It's been just over one month since I self-published Eden to Kindle on Amazon, and to be entirely honest I did not think that I would be sharing such amazing sales figures as I am about to. The vast majority of my research, reading the experiences of other self-published authors, suggested to me that it would be a long haul over many months to gain sufficient recognition to achieve successful chart positions. In fact, for various reasons, in my case the reverse has been true. This is almost certainly due to my already having a reader-base through traditional publication by Simon & Schuster. However, Eden has also shot up in the charts on Amazon.com and my presence there is far smaller than in the UK. In addition I have done absolutely no publicity for the title in the USA, which suggests something else is at work.
First though, the figures. These are the sales I've achieved for Eden in its first month:
UK: 904 copies sold.
USA: 312 copies sold.
Other territories: 14 copies sold.
My highest ranking to date on Amazon UK in the paid Kindle chart so far has been #715.
My highest ranking to date on Amazon.com's paid Kindle chart is ( currently ) #2,823.
To put these chart positions into some kind of context, there are estimated to be around 750,000 Kindle books in the UK chart and some 2,000,000 in the USA.
A look back across my posts charting my self-publishing experiment reveals a series of jolts as the book climbed the charts here in the UK, and a similar picture in the USA ( although slower to start there ). Chief among the things that I have learned so far is that when a book is published to Kindle it must be featured in relevant categories that also give the book a chance to stand out, and that reaching a chart position within those categories guarantees an increase in sales as the title's visibility and exposure to new readers increases. Being seen is everything in this business, whether you're traditionally published or doing it for yourself. Eden jumped 2,000 places virtually overnight when it entered the Top 100 in the post-apocalyptic category, both here and in the USA. That got the ball rolling in each case, with sales doubling week on week.
But what has driven sales in the USA? My traditionally published books are not as well known there, I have approached no bloggers or performed any other publicity, digital or otherwise, and yet in a chart of over two million books Eden is now ranking in the top 0.1% of all titles. I've spent much of the weekend pondering this, and the only solution I can think of is that a combination of low price, professional cover design, compelling subject matter and ( so far ) very positive reviews are helping Eden stand out from an already overcrowded self-publishing market. I read again and again reviews of SP books lamenting the poor editing, the weak plotting, the rushed narrative etc etc. Only a small number of authors are patient and determined enough to produce an industry-quality book for self-publishing and those authors do seem to get noticed more quickly by readers eager to discover a new author. The lesson here is that it's worth having books professionally edited, having covers designed and really thinking about how to present your self-published novel to the public, because the only thing holding back everybody else is the fact that they didn't do those things and that's never going to change. You can't just whack out 50,000 words and expect it to sell well, but that's what the majority do. Your book's got to be good, then it's got to be made better, and better again, and then it's got to be edited, publicised and sold. I'm not going to compare Eden to self-published books that have sold hundreds of thousands, but it's on the right track so far.

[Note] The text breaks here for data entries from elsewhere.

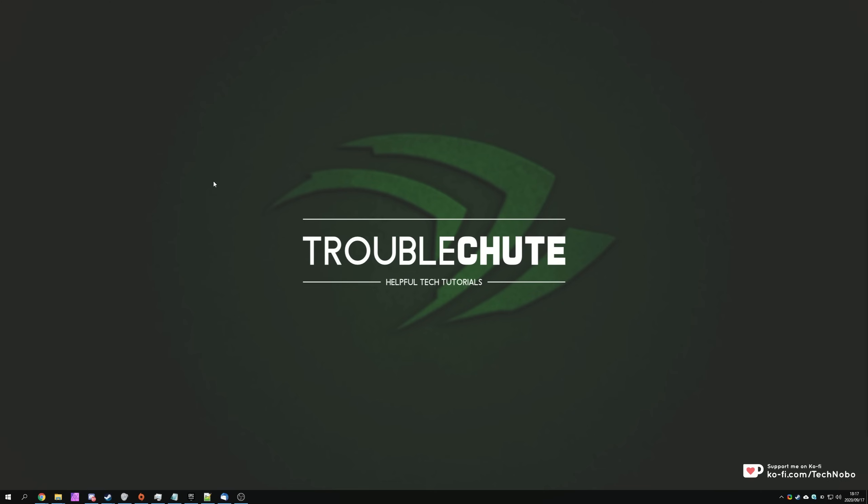What's up, my name is Technobo here for Troubleshoot and in today's video I'm going to be covering a brand new topic that is going to be incredibly relevant.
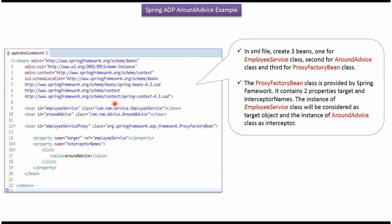This is a Spring configuration file. Here I have created three beans. First one for EmployeeService class and second one for AroundAdvice class. Third one for ProxyFactoryBean class.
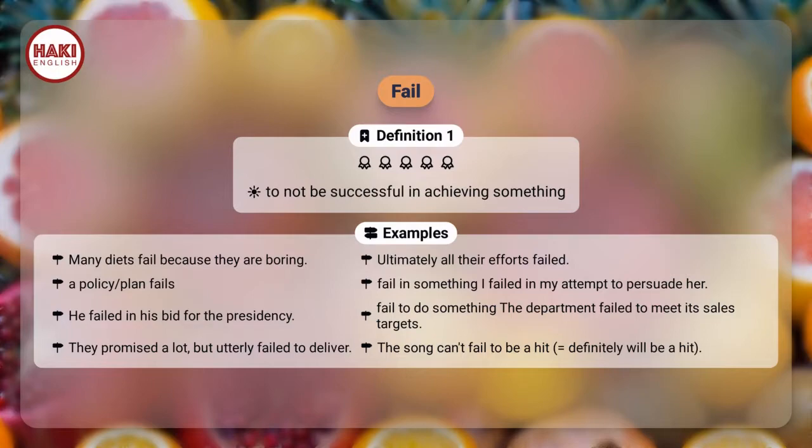They promised a lot, but utterly failed to deliver. The song can't fail to be a hit — equals definitely will be a hit.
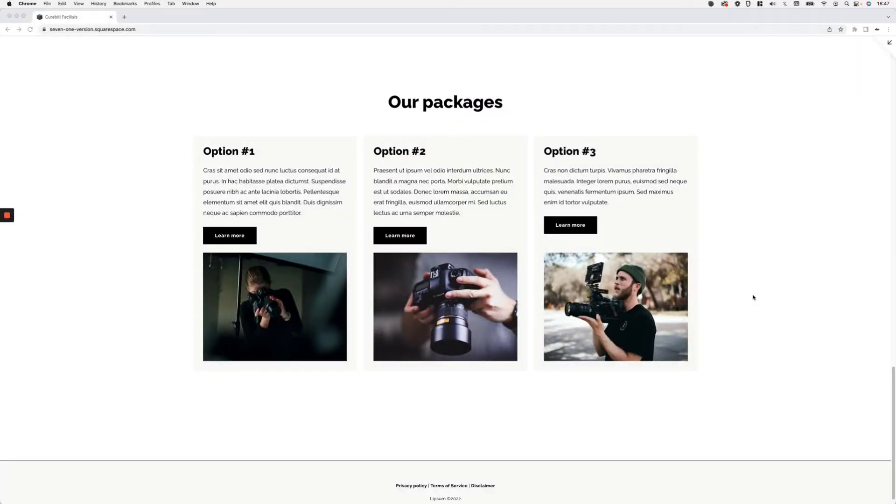This customization comes in really handy when you want to have a larger surface for visitors to click on instead of having to look for that little button inside the auto list. So if this is something you've been wanting to do for client projects, make sure to keep watching. Here we are in a 7.1 site and I have an auto list simple section with a couple of packages for different services.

While I don't think that Eden has charted so high solely because of my efforts to produce a top-quality book, in the absence of any other factors I do think that those efforts are largely responsible for the book's rise. What I'm hoping now is that the rise continues, and that charting in specific categories leads to a "snowball effect" on sales, a phenomenon noted by many other self-published authors before me. Only time will tell, but right now I think that I've achieved another major milestone in publishing, and that means that Eden's sequel is now a priority. I'd decided only to write a sequel if Eden sold well and received predominantly positive reviews, and that's definitely happened. More to the point, if any book I write is deemed unsuitable for the current publishing market in the future, it will then be self-published instead. There really is no good reason now not to.